On our last two nights in Cusco the carnival was getting into swing in the San Blas neighbourhood. The main square had two sound stages and multiple beer and food vendors. There were lots of partyers drinking beer, eating anticochos, guinea pig bits and corn extrusion products. We spotted a man dressed in Andino drag. He was acting like it was just for laughs. However, many a truth said by a man in a dress so we went up for photos.
Despite all the beer being sold, there were no Johnny’s on the spot. We figured out where the beer was going by our noses after David saw a woman squatting on the pavement in front of the church while a man relieved himself on the wall. Peruvians are practical and informal.
One man started chatting David and I up. He then pulled us on the dance floor and passed a girl over to each of us. My Peruvian girl was not impressed by my dancing or anything else about me (she obviously never saw Rick Moranis or Woody Allen) and refused to even hold my hand. David’s girl on the other hand was into him and would not let him go. It was a great scene, beer bottles being dropped, boys kissing girls, loud music, messy dancing and a little bit of urine smell wafting over from the Church. To hear some Andino music check out China Maria and Cusco Carnival Music.

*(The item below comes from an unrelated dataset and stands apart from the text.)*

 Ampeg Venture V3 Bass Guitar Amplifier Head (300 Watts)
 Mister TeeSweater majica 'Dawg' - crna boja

On February 6, we were tired from a day trip to Moray combined with stomach upset from something eaten the day before. On our way back to our Air BNB Apartment we saw a crowd gathered on a side street around a large statute of a bearded man on a platform. Tilo sensed a photo opp while I sensed a chance to buy sweet popcorn. In the front were kids followed by young men, the band and the onlookers. The men would lift up the Saint while the kids would take the platform up the road to the next stopping point. Grunting and groaning the men would carry the saint to the sound of the band. The saint listed from side to side while hitting overhead wires despite the efforts of a man wielding a long stick. It was a happy atmosphere and everyone had a role from the young kids, to the old ladies handing out sandwiches and throwing flower petals and advice.

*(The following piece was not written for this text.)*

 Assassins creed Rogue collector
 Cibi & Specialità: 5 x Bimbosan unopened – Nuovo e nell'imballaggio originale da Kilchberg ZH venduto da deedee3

There were no paramedics on site, police lines or barriers to prevent protect people from potential hazards and municipal governments from lawsuits. Despite the lack of Vancouver style precautions (which usually outweigh the festivities) we did not see anyone one got electrocuted or crushed. To get a sense of the procession you can see this video clip of San Blas being carried and of the tilting saint. Tilo got some great photos which will be put up on Tilo’s Flickr page.